Its on page 145 of Championship Barbecue


----------



## cliffcarter (Aug 19, 2011)

What's in it?  Besides orange juice and honey, of course.


----------



## SmokinAl (Aug 20, 2011)

How about posting the recipe?


----------



## raymo76 (Aug 21, 2011)

Well I would have done this earlier but I was reluctant to get the book out and copy it, what can I say, I've become lazy! 

Paul Kirk's, taken from Championship Barbecue, page 145:

*"Honey-Orange Barbecue Sauce*

This is a good finishing sauce for fish, pork, or chicken.

Makes about 1 quart

1/4 cup olive oil

4 cloves garlic, pressed

1/4 cup minced shallots

3 cups fresh orange juice (about 12 oranges)

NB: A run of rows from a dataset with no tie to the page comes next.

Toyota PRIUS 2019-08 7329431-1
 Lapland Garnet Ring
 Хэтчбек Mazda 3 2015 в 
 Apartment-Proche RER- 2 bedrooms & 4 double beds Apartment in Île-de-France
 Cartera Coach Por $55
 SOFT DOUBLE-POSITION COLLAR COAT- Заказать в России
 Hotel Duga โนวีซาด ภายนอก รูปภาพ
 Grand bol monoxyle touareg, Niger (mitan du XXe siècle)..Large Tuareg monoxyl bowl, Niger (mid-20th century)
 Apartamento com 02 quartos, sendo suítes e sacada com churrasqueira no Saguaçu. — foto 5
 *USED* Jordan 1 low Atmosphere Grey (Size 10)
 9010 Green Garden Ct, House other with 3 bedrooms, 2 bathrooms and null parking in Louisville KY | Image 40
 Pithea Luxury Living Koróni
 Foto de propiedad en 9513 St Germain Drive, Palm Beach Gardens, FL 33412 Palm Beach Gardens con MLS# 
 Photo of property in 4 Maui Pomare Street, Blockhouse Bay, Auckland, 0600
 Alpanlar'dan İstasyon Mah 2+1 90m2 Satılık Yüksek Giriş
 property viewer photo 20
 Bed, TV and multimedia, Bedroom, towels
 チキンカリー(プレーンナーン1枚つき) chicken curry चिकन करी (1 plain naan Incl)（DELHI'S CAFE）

1 cup fresh lime juice (about 16 limes)

1/4 cup clover honey

2 tablespoons peeled and finely minced fresh ginger

1 tablespoon finely minced orange zest

1 tablespoon finely minced lime zest

1 teaspoon fine sea salt

2 tablespoons cornstarch

3 tablespoons cold water

2 to 3 teaspoons hot chile oil, homemade (page 50) or store-bought, to your taste

1. Heat the olive oil in a medium-size nonreactive saucepan over medium heat, add the garlic and shallots, and cook, stirring, for 1 to 3 minutes. Add the orange juice, lime juice, honey, ginger, orange and lime zests, and salt. stirring to combine, and bring to a light boil.

2. In a small bowl, blend together the cornstarch and cold water with a wire whisk. Whisk the cornstarch mixture into the hot sauce, stirring until the sauce thickens. Remove the sauce from the heat. Stir in the hot chile oil to taste.*"*


----------